102
vuldig en zoo fraai als op de travertijnrotsen.
Onder de lagere wieren, die hier een rol spelen, mogen er hier enkele genoemd worden. Ten deele zijn zij dezelfde, die ik bij de beschrijving der Mammoth Hot Springs reeds heb aangevoerd. De voornaamste geslachten zijn Leptothrix, Phormidium, Calothrix, Gloeocapsa en andere. De eerste zijn bleek en verdragen hooge temperaturen, de Gloeocapsa is blauwgroen en vormt soms aan de buitenzijde der geyserkegels zwarte geleiachtig-vliezige en soms vingerdikke overtreksels. De kleur schijnt overigens zeer veranderlijk te zijn, want als men van een bruin of zwart overtreksel in een warm stroompje of bassintje deelen los maakt, ziet men de onderzijde dikwijls groen of blauwgroen.
De wijze waarop deze wieren de formatie tot stand brengen hoop ik weldra, naar aanleiding van mijn bezoek aan het Upper Geyser-bassin, uitvoerig te schilderen.

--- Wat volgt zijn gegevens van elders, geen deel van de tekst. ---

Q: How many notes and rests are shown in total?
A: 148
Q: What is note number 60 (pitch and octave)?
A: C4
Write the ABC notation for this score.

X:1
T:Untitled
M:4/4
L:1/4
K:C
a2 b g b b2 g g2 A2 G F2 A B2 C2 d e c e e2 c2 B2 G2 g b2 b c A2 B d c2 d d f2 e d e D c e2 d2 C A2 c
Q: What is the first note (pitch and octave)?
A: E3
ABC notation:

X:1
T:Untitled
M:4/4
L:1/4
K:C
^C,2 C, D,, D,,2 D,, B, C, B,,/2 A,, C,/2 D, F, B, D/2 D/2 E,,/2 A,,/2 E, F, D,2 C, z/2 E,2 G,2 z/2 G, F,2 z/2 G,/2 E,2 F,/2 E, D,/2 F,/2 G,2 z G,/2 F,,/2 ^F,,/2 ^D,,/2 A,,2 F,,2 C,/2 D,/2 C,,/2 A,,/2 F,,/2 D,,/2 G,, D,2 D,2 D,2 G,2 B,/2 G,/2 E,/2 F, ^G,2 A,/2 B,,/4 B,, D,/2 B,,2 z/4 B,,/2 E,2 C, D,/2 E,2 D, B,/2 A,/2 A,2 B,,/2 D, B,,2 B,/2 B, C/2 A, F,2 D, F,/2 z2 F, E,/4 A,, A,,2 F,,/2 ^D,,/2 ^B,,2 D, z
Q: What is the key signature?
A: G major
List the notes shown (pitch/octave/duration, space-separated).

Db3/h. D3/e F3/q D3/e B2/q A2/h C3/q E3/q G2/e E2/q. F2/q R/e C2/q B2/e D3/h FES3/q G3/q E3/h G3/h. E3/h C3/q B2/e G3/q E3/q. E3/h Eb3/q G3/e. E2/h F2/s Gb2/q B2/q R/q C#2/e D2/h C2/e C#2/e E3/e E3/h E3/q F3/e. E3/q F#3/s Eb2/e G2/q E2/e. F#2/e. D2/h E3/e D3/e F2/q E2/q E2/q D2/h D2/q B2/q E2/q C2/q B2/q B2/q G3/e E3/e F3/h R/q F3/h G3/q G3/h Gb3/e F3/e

Vooraf moge echter het een en ander omtrent de voornaamste bassins gezegd worden. Zij liggen dicht bijeen, op een bijna recht van het zuiden naar het noorden loopende lijn. De toerist bezoekt ze in zoodanige volgorde, dat hij met de minst belangrijke begint, om met de groep der krachtigste geysers te eindigen.
Het meest noordelijke of Norris bassin omvat een aantal geysers, bronnen en stoomspleten, deels in het dal, deels op de hellingen der heuvels gelegen. Onder hen speelt de Constant om de minuut, zijn waterdroppels eenige meters omhoog werpende. De Congress is gewoonlijk een groote, blauwe, kokende vijver, maar geeft op onverwachte tijden geweldige uitbarstingen.